According to Hurley, there are various aspects of summertime that can affect kids in a negative way. A common one is over-scheduling children.
“Many parents view the summer months as a time for children to ‘catch up,’ improve or gain an edge, and enroll them in numerous classes or activities, leaving little or no time for kids to relax and rejuvenate,” Susan Newman, a social psychologist and author, says. “Piling on and filling time only adds to their stress and anxiety that, ideally, summer break is theoretically designed to reduce.”
Screen time can also be a minor player in childhood anxiety, according to recent research.

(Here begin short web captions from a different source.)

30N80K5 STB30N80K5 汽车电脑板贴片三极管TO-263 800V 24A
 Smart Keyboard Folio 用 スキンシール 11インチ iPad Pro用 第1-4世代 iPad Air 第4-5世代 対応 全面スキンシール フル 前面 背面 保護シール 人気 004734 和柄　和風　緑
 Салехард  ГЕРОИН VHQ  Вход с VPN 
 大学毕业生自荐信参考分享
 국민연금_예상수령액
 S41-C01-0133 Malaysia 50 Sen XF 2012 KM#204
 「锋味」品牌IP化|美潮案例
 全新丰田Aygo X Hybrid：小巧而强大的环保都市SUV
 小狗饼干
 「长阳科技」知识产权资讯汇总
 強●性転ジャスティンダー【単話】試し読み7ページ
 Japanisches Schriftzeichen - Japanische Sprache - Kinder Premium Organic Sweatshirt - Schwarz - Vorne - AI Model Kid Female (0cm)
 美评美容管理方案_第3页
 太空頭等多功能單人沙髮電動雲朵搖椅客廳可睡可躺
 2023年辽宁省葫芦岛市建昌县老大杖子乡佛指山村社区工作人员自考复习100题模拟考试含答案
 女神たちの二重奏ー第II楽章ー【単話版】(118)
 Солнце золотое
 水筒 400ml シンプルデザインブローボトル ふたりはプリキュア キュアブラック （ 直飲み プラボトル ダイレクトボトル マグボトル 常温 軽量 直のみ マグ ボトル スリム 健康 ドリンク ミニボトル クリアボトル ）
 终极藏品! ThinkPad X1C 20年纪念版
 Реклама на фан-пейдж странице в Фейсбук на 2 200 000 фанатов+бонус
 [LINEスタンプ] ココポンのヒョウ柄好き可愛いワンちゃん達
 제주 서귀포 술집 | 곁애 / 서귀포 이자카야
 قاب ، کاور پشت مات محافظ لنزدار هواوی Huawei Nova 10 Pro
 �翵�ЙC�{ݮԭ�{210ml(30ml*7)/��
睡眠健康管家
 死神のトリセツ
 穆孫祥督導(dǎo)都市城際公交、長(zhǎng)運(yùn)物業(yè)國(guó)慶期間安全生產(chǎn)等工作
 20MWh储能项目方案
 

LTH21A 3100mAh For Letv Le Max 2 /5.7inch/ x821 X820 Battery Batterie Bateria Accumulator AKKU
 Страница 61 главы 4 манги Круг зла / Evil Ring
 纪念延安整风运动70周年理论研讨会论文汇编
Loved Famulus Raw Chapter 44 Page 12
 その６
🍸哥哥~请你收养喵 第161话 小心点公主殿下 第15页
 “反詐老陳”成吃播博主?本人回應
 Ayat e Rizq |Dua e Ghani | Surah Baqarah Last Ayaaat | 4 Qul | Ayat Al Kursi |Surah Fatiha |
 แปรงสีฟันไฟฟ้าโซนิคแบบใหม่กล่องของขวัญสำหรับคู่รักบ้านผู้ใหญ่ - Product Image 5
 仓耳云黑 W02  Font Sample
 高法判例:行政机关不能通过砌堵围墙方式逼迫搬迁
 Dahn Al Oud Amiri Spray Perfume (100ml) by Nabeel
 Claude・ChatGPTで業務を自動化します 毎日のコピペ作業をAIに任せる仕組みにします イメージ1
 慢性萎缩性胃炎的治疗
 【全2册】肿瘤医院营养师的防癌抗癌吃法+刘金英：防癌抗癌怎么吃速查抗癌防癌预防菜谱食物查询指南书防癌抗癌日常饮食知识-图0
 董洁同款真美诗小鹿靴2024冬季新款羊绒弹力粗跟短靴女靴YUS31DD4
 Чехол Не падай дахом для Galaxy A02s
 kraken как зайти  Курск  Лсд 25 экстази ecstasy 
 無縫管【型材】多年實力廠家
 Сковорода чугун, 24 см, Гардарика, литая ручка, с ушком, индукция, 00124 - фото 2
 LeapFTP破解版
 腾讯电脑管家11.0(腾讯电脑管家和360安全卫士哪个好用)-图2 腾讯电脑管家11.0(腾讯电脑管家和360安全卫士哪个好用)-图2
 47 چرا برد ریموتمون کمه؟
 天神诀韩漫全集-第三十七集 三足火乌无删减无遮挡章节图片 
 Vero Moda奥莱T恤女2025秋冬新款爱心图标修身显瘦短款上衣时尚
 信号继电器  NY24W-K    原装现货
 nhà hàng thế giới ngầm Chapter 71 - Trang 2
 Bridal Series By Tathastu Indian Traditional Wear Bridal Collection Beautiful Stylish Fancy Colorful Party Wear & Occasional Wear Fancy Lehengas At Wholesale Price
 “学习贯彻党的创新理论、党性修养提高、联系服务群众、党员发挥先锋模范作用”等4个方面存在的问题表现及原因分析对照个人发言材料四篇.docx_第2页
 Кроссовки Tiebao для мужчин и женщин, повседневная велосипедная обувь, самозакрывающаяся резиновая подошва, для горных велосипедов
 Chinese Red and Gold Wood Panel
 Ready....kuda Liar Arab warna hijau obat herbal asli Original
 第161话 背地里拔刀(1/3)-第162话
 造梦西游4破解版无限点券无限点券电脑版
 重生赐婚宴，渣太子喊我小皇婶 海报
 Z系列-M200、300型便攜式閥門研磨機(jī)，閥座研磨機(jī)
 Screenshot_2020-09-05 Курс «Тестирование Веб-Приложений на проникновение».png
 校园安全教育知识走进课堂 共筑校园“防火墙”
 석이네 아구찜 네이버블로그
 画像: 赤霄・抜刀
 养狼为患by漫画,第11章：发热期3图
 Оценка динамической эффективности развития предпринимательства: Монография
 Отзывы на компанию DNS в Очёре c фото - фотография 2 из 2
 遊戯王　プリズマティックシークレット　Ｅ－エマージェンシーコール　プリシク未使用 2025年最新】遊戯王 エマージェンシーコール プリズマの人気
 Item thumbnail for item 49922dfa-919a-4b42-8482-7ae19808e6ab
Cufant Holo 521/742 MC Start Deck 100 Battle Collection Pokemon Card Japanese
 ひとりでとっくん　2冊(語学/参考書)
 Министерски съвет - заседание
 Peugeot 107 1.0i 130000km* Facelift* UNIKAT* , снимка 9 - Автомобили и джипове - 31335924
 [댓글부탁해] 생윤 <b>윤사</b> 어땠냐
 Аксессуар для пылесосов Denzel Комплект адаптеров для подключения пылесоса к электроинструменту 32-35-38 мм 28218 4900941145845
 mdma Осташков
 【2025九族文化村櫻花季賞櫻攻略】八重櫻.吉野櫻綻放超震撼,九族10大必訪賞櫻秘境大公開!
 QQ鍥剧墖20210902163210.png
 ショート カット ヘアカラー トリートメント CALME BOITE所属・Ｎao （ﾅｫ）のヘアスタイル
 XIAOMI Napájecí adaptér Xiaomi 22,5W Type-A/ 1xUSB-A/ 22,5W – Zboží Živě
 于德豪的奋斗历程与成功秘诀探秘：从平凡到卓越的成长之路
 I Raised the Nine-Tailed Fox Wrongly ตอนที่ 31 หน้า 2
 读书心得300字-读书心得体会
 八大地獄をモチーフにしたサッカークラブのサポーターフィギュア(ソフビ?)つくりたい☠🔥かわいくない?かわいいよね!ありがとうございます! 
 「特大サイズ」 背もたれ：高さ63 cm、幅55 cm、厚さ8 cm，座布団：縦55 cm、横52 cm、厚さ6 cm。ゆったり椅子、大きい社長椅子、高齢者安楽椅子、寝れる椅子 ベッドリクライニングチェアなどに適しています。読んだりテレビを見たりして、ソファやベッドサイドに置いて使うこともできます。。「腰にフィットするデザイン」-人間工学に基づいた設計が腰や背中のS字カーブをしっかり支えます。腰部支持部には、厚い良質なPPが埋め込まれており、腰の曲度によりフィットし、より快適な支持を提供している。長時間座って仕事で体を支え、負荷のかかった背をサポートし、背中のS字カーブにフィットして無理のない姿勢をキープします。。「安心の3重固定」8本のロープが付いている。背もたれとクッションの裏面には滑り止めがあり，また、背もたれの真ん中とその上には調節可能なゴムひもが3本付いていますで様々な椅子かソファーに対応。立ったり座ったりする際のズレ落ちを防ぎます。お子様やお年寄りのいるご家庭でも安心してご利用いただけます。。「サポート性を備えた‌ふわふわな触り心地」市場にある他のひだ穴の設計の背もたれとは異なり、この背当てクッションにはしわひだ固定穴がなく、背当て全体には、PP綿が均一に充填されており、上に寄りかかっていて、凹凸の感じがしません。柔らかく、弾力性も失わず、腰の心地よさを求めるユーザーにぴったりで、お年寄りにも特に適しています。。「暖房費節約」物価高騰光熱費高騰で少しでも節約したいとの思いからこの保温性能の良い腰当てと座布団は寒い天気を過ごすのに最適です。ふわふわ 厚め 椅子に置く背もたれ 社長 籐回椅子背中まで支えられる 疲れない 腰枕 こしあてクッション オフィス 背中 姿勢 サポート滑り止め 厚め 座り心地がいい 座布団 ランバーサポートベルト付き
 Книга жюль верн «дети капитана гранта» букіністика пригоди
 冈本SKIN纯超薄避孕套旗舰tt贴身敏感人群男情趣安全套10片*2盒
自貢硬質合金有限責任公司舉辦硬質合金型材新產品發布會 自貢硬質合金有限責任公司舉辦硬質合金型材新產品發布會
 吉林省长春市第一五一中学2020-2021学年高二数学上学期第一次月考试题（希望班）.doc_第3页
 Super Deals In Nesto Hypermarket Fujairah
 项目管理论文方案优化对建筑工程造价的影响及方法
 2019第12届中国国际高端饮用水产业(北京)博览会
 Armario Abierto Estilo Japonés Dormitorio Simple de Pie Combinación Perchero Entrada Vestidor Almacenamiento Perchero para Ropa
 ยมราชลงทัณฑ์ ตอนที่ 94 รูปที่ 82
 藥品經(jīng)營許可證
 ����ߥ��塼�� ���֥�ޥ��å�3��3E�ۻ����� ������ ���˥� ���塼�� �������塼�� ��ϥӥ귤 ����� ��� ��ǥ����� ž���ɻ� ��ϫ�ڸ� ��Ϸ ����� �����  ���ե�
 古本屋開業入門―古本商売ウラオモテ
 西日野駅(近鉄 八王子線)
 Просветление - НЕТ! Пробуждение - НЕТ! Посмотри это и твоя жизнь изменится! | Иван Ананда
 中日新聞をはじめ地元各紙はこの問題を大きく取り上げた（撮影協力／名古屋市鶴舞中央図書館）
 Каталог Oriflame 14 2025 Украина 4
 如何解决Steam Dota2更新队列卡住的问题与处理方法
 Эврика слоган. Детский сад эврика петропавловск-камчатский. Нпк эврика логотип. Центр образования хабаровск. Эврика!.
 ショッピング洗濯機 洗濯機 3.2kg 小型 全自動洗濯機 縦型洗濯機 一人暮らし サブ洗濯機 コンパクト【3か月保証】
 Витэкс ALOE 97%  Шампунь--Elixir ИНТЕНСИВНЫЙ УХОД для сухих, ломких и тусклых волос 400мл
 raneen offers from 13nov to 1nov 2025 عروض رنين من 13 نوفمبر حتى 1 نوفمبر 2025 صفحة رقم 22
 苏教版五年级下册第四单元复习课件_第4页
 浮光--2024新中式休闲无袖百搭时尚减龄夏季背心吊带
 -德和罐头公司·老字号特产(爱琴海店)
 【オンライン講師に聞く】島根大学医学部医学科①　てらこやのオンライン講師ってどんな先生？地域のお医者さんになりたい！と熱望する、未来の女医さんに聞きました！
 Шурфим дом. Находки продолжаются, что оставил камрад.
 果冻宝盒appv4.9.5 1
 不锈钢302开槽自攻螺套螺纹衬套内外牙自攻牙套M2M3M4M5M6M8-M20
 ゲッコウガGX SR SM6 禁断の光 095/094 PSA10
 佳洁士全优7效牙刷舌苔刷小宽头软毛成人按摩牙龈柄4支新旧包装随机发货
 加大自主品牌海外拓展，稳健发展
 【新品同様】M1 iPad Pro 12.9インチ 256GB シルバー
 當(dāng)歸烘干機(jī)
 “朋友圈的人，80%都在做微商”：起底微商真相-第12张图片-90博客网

“Although it might be tempting to focus on the words “small increased risk” or state that more research is needed (it is), it’s also important to note that any risk is too much when it comes to our kids’ mental health,” Hurley writes.
Additional factors that can increase anxiety include changes in eating and sleep habits and worrying about travel plans.
So what can be done to limit the likelihood of increased anxiety in children over the summer? Hurley suggests focusing on the basics, such as a balanced diet, consistent sleep schedule and water and exercise.
“Preserving the sleep routine that your child relies on during the school year can prevent him or her from losing sleep or getting caught in a pattern of constant adjustments,” Hurley writes.
Setting screen-time boundaries, planning for travel, not over-scheduling and spending quality time with children can also be helpful.
“Doing fun things together — be it a hike or a trip or backyard picnics or even cooking together on a regular basis — is more important for your children’s mental health than sports camps or summer academics to get ahead for the next school year,” Newman said. “You will build bonds and memories that will last a lifetime.”